Opinion by Sarah Myers
Oct. 25, 2020, 9:09 p.m.

In March 2016, Justice Antonin Scalia passed away and President Barack Obama nominated Merrick Garland to take his place. Senate Republicans blocked the nomination, saying that presidents should not be able to fill Supreme Court vacancies in an election year. The United States Constitution makes no such restriction. Garland was highly qualified, having served as chief judge on the U.S. Court of Appeals for the District of Columbia Circuit for some time.

In September 2020, less than two full months before the 2020 presidential election, Justice Ruth Bader Ginsburg passed away. Justice Ginsburg passed away on a Friday evening. The following Tuesday, President Donald Trump stated that he would announce his nominee for her replacement on Saturday. As planned, Trump nominated Amy Coney Barrett on Sept. 26 in a Rose Garden ceremony which appears to have become a super-spreader event in the ongoing COVID-19 pandemic. Republican senators hastened to announce their support for the nomination. 

Sen. Mitch McConnell, who led efforts to block Garland’s nomination, is now leading the push to confirm Judge Barrett. The list of senators who opposed Garland’s confirmation as senators in 2016 and are now supporting Barrett’s nomination is 39 names long. 

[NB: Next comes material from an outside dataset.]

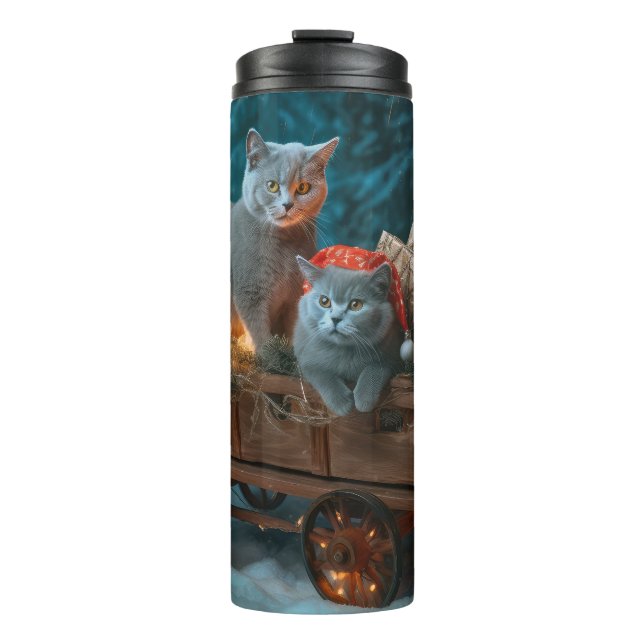 Russian Blue Cat Snowy Sleigh Weihnachtsdekor Thermosbecher (Vorderseite)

Of course, the list of Democrats who’ve done the same switch in the opposite direction isn’t exactly short. Republicans started this fight and made up a ridiculous claim with no basis in the law to block Merrick Garland’s confirmation, but Democrats are now stooping to the same ridiculous level. The difference in time between the elections and Scalia and Ginsburg’s passings is significant, but the president still has legal authority to nominate a new justice. In other words, “they started it” is not a valid legal doctrine.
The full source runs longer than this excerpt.